## Task objective
Copy each line of the entries that contains the word "flooring".

(Crawled caption data)
┄┄┄┄┄┄┄┄┄┄
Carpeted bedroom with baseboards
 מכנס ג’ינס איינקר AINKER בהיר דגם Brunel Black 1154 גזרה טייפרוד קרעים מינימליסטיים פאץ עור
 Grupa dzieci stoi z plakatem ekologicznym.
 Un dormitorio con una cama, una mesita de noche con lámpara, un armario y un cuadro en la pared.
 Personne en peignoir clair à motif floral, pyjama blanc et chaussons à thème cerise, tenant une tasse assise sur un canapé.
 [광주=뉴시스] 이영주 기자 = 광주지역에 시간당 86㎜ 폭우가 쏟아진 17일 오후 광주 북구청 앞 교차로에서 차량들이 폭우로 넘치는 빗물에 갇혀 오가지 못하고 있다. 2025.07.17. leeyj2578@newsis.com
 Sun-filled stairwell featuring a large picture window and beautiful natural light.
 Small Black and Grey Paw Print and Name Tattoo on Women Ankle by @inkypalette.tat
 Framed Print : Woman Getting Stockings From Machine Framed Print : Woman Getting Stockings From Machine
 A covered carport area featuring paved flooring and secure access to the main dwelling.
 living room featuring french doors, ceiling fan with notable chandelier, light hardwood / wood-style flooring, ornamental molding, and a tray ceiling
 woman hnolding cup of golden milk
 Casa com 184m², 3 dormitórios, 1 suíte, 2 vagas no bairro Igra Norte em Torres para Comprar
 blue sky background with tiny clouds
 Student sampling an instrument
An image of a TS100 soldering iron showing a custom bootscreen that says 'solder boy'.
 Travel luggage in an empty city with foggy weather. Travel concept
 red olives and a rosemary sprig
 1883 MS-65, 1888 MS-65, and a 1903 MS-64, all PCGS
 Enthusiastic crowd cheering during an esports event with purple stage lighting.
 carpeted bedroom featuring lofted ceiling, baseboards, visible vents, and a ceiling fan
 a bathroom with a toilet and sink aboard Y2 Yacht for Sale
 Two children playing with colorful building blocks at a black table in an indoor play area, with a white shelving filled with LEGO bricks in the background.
┄┄┄┄┄┄┄┄┄┄
## Exercise answer
 A covered carport area featuring paved flooring and secure access to the main dwelling.
 living room featuring french doors, ceiling fan with notable chandelier, light hardwood / wood-style flooring, ornamental molding, and a tray ceiling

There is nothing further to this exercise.